### Collected data
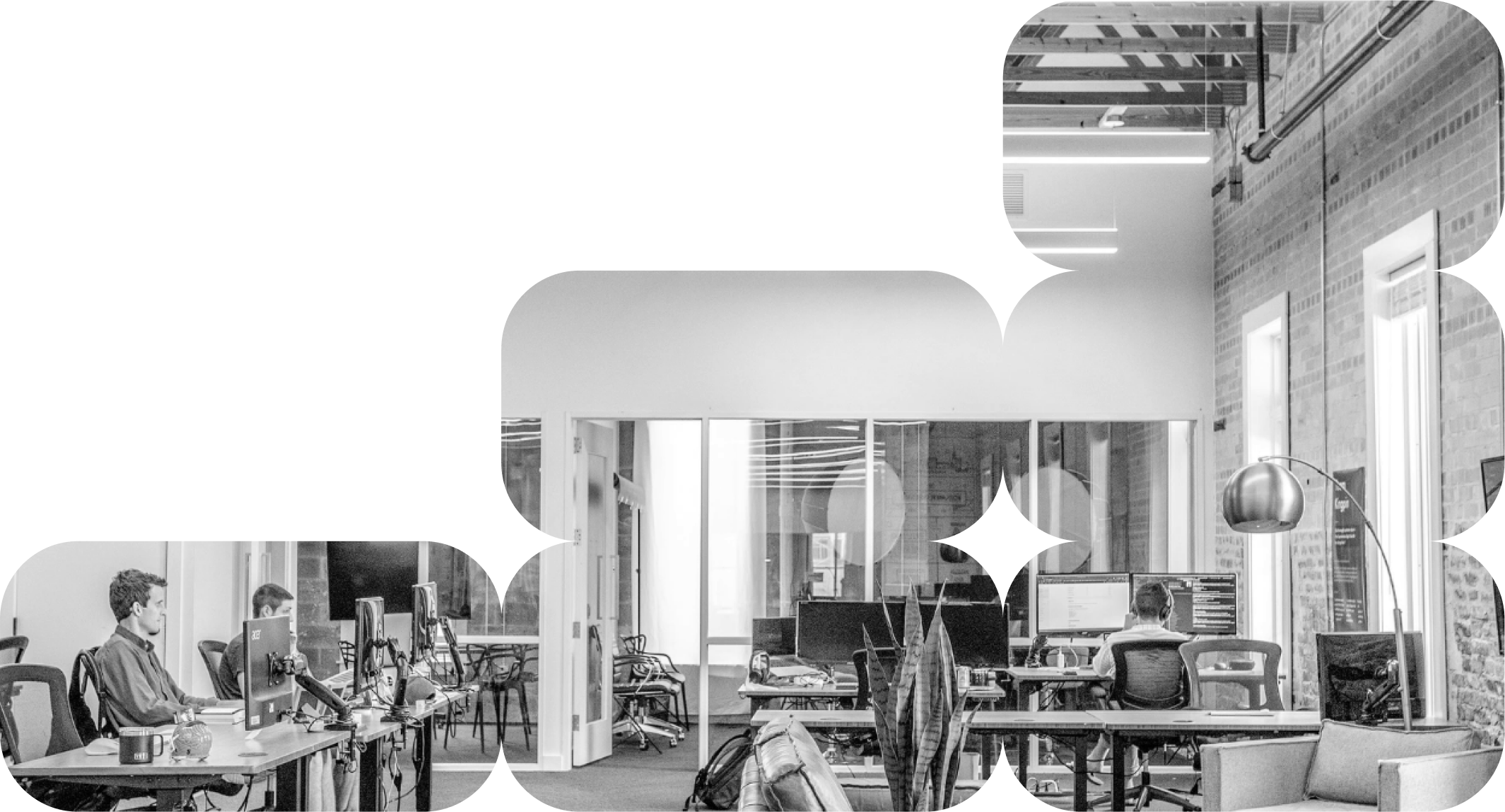 Hippo team workspace with people collaborating around Microsoft Cloud delivery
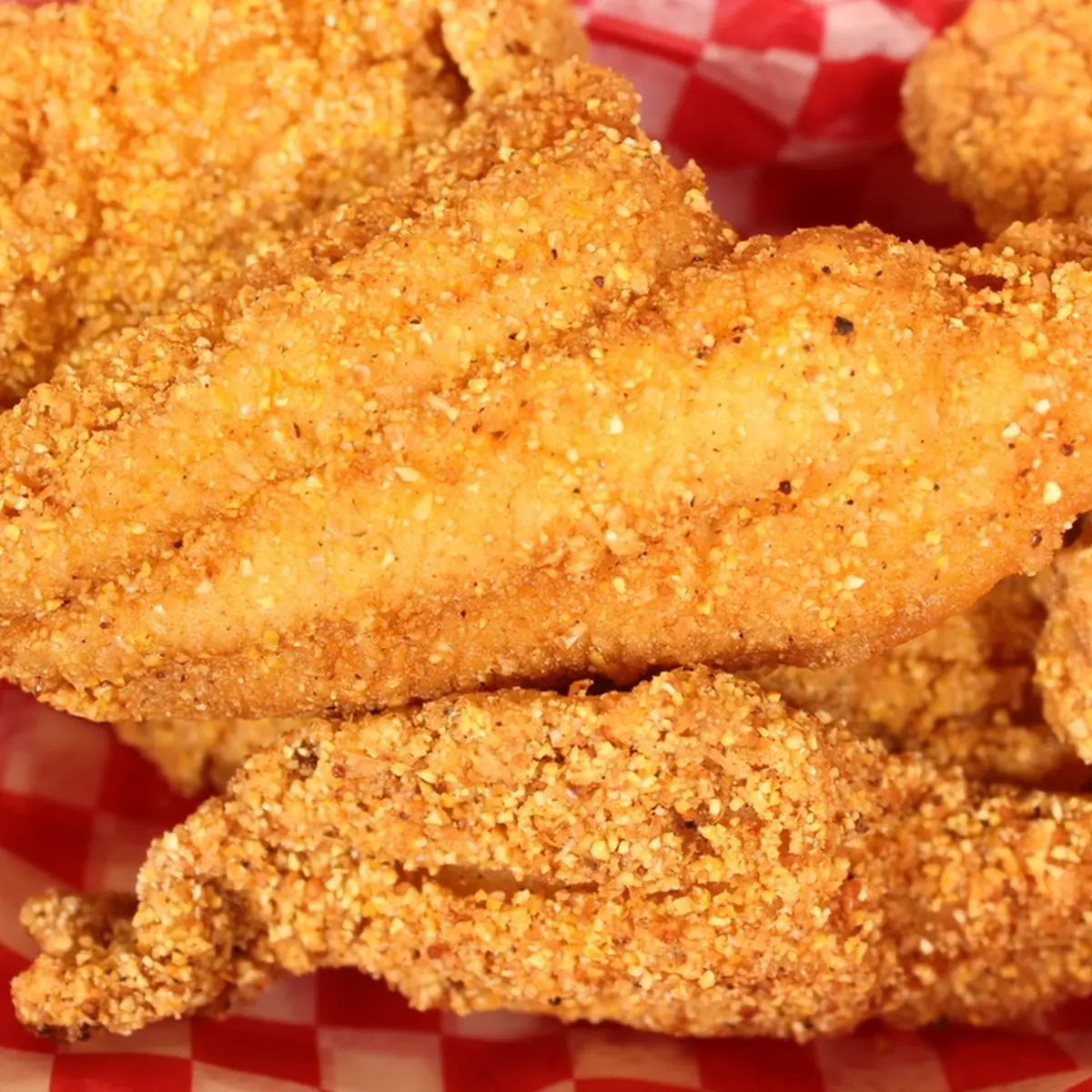 Fried Catfish Basket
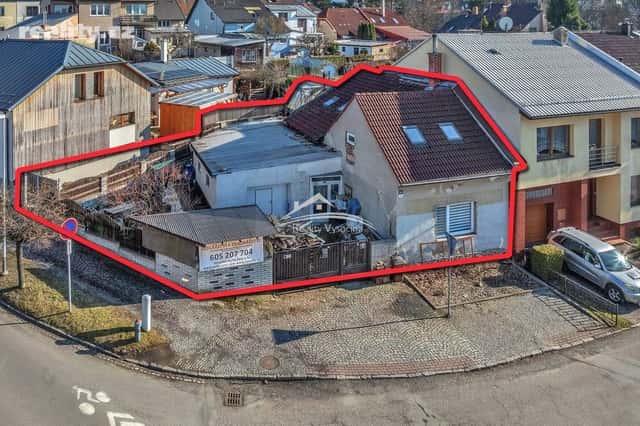 Prodej dům 78 m², Veselská, Žďár nad Sázavou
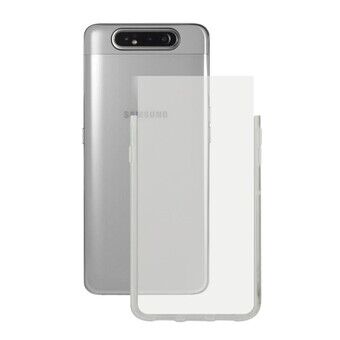Mobilfodral Samsung Galaxy A90 KSIX Transparent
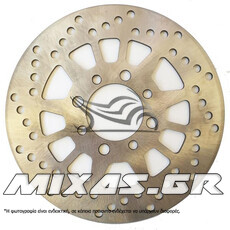 ΔΙΣΚΟΠΛΑΚΑ ΕΜΠΡΟΣ HONDA PCX-125/150/WAVE-110/GRAND-110 (XG-2100F) ROC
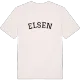 Elsen böjd t-shirt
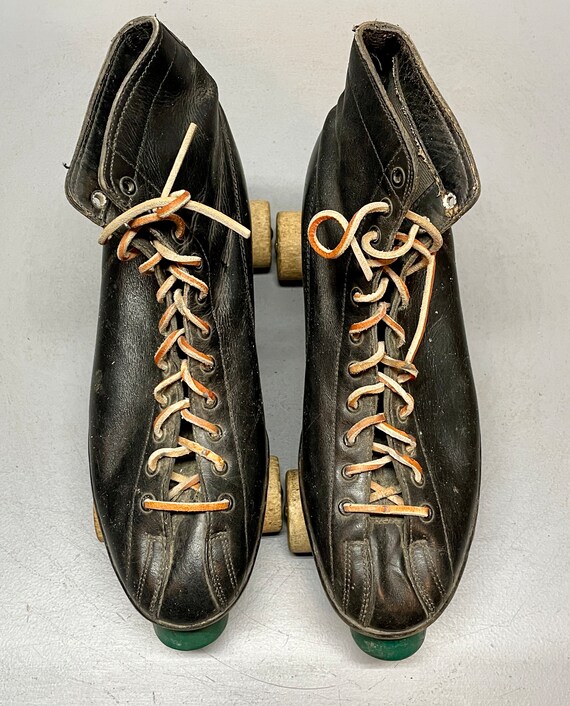 Vintage Roller Skates, Men's Roller Skates, Roller Sk… Gem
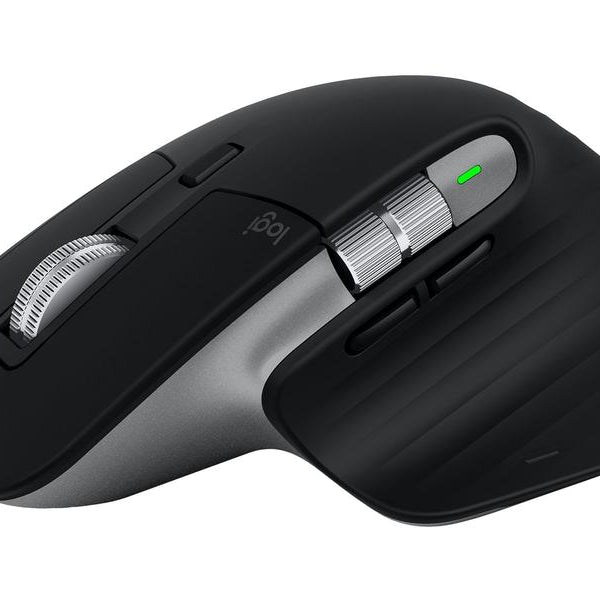 Logitech Maus MX Master 3S for Mac space grey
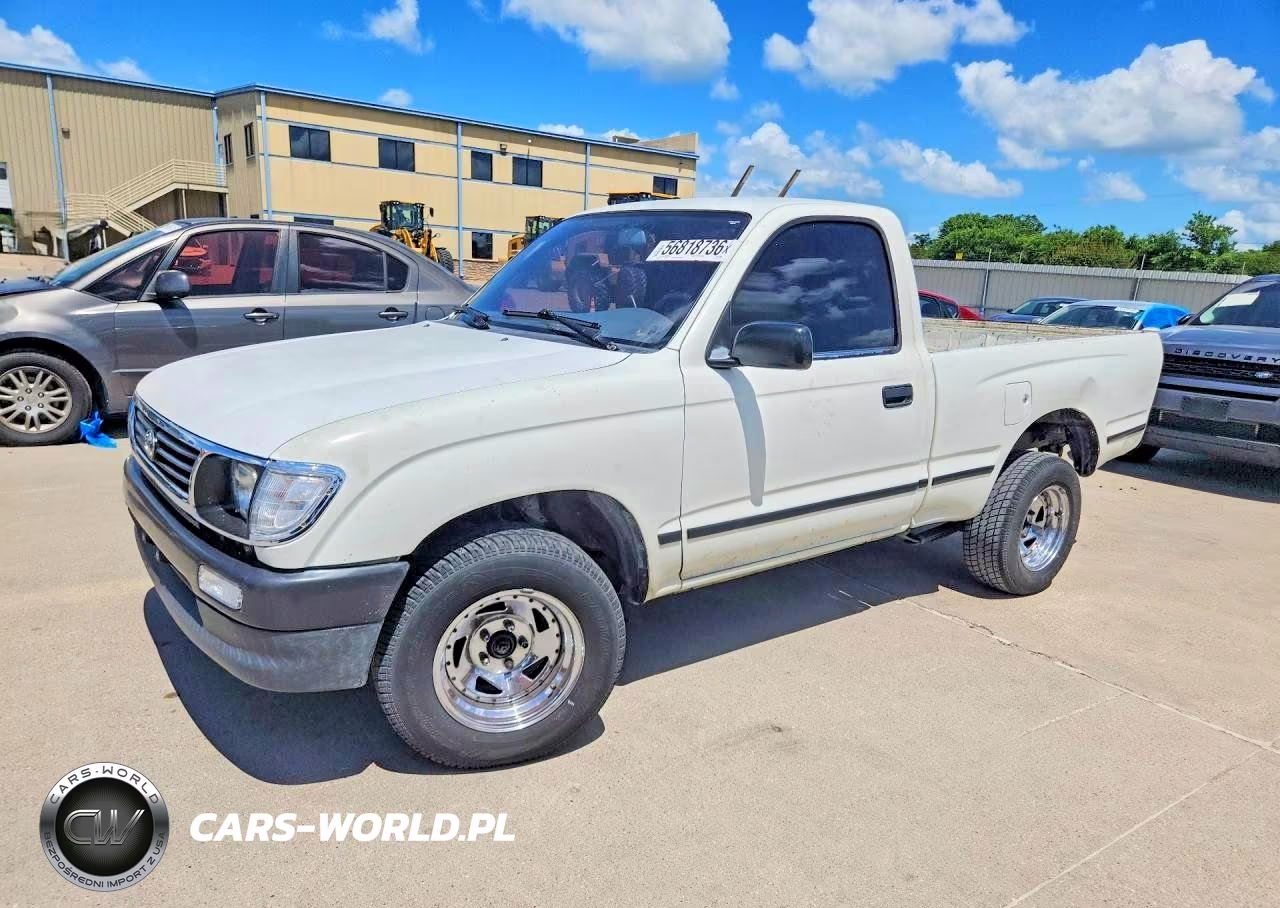 1996 Toyota Tacoma Base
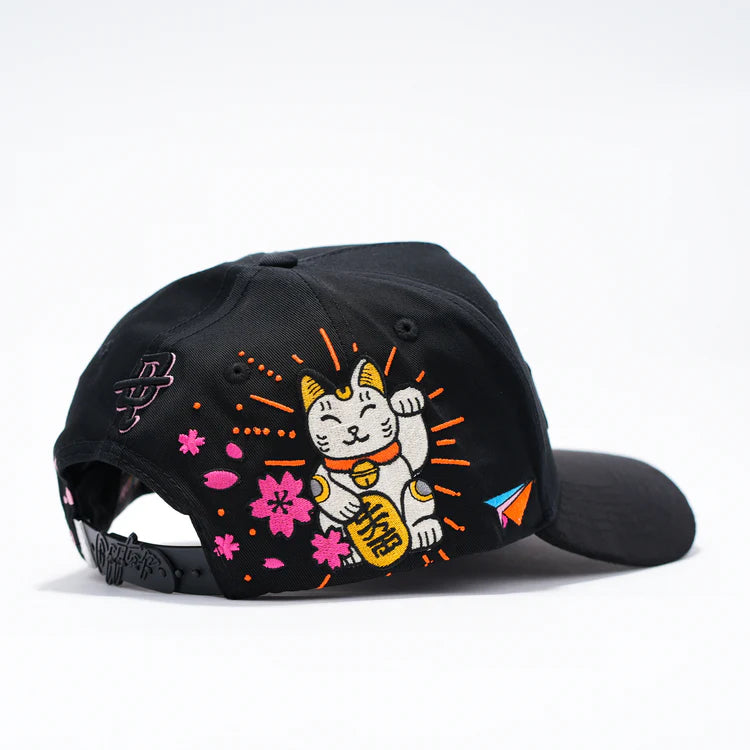 OFF TOP SAKURA BLACK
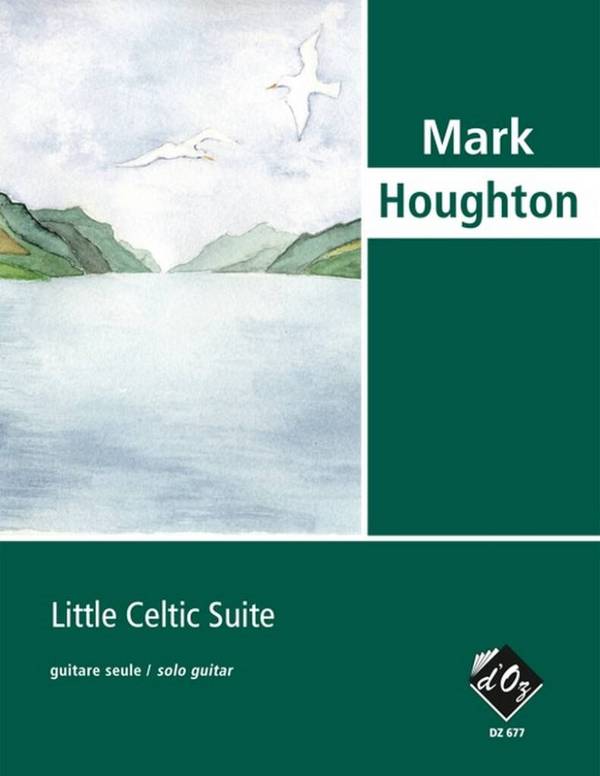 Little Celtic Suite pour guitare    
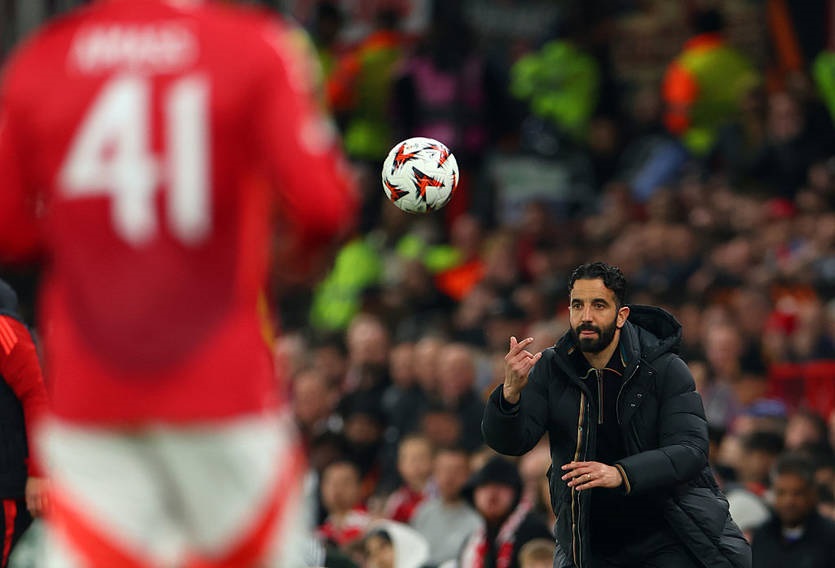 Новини спорту - Тренер МЮ поділився враженнями після неймовірного камбеку проти Ліона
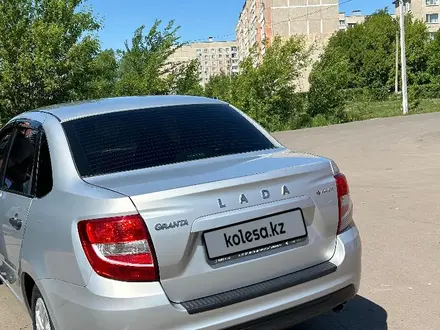 ВАЗ (Lada) Granta 2190 2020 года за 4 300 000 тг. в Петропавловск – фото 7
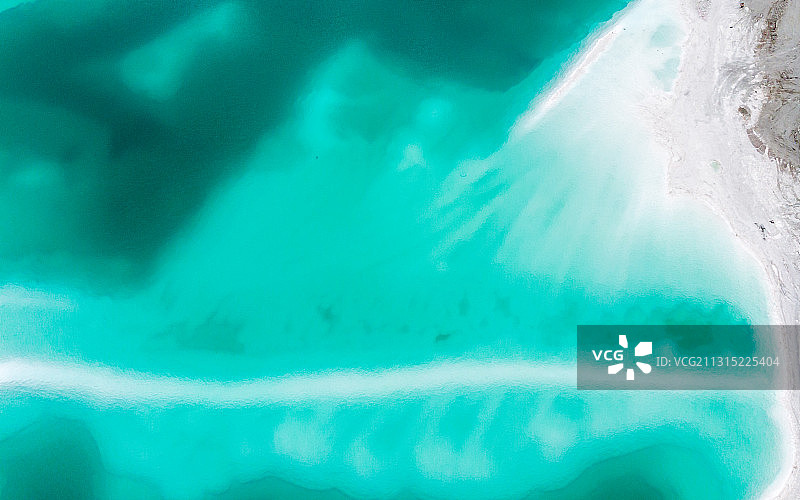 翡翠湖图片素材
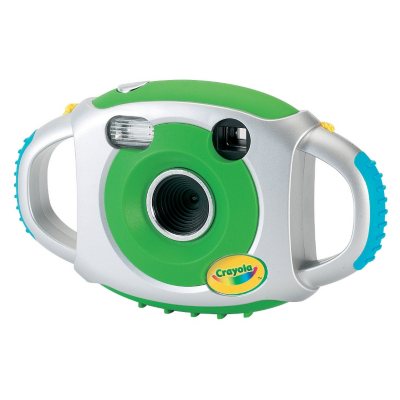  MP Crayola Digital Camera - Sam's Club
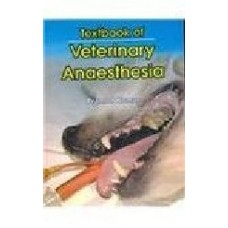 Textbook Of Veterinary Anaesthesia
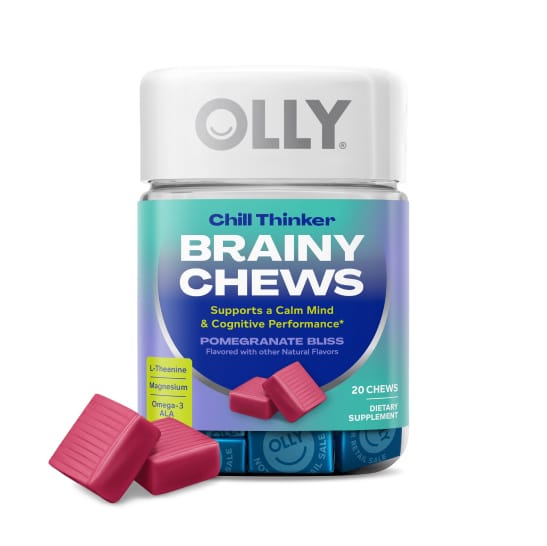 Chill Thinker Brainy Chews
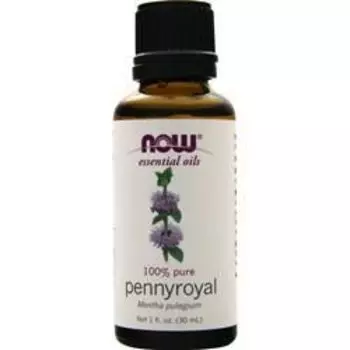Now Foods Масло Пеннироял 1 жидкая унция
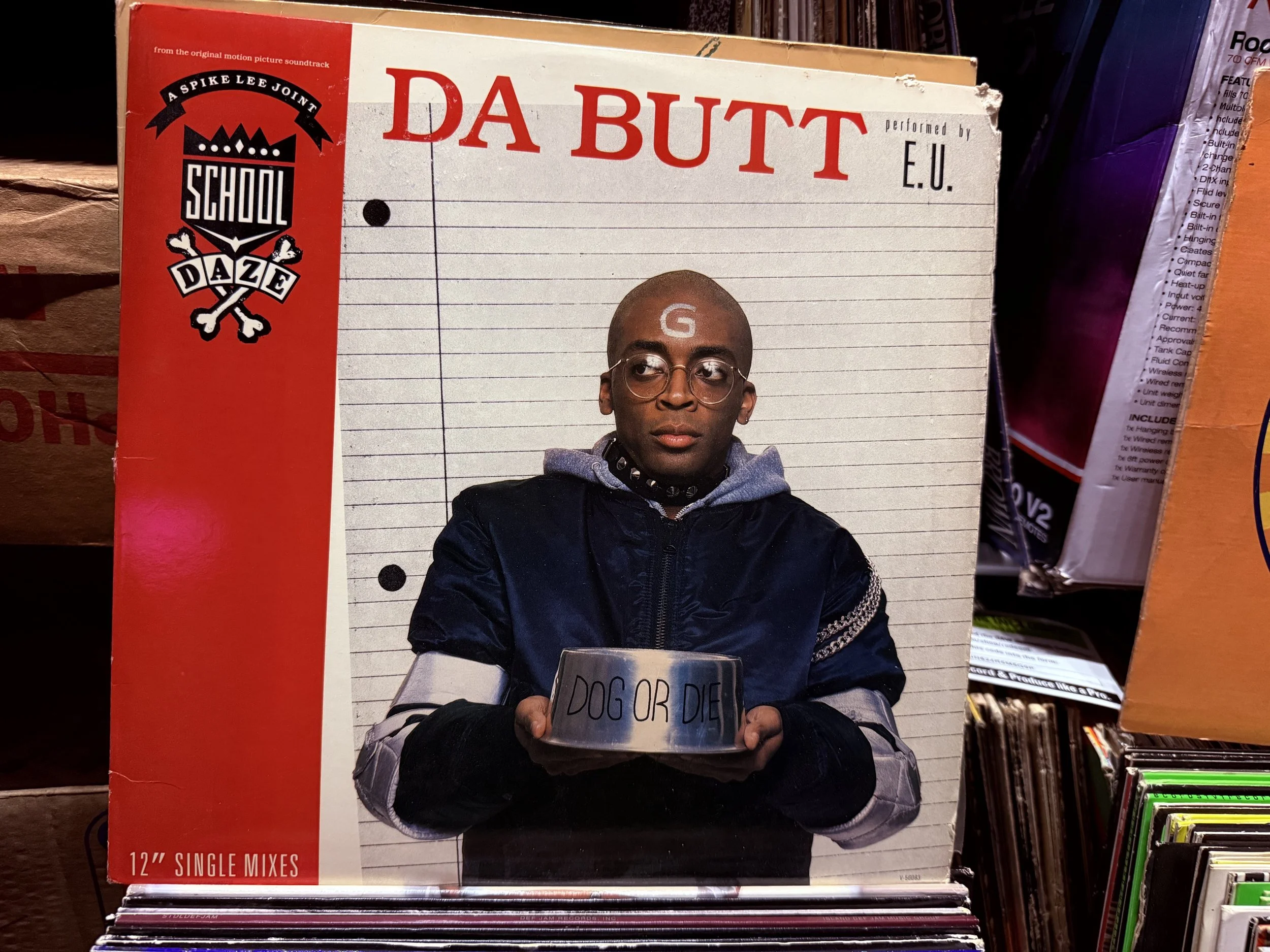 Da Butt - E.U.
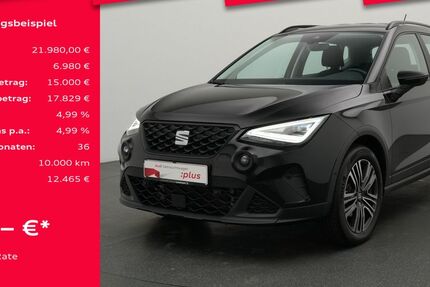 Seat Arona 9.374 km 20.680 &euro; Leverkusen 51373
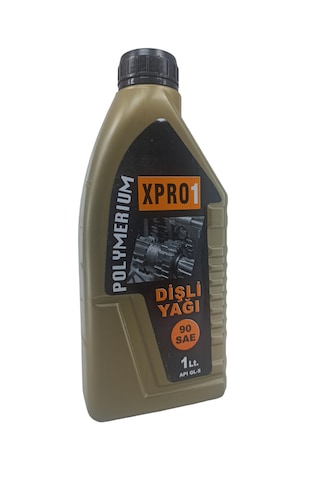 Şnzmn90 Şanzıman Dişli Yağı 90 Numara 1 Litre
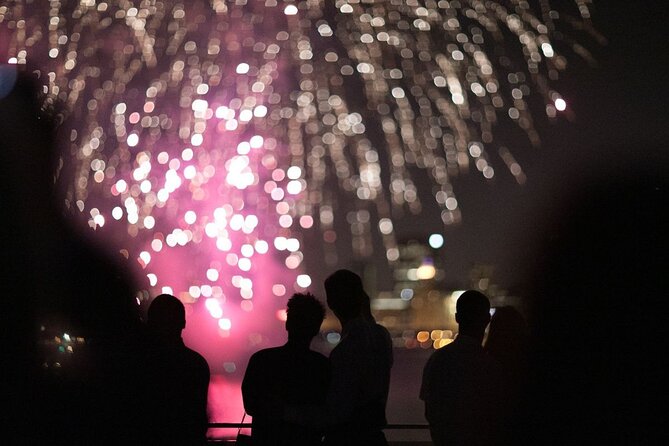 Premier Chicago River Fireworks Dinner Cruise - Additional Highlights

### Exercise
An exact restatement of the lines from the one holding "Da Butt - E.U." through the end of the entries, both ends included, is the whole answer. Pictures stay out.

### Solution
 Da Butt - E.U.
 Seat Arona 9.374 km 20.680 &euro; Leverkusen 51373
 Şnzmn90 Şanzıman Dişli Yağı 90 Numara 1 Litre
 Premier Chicago River Fireworks Dinner Cruise - Additional Highlights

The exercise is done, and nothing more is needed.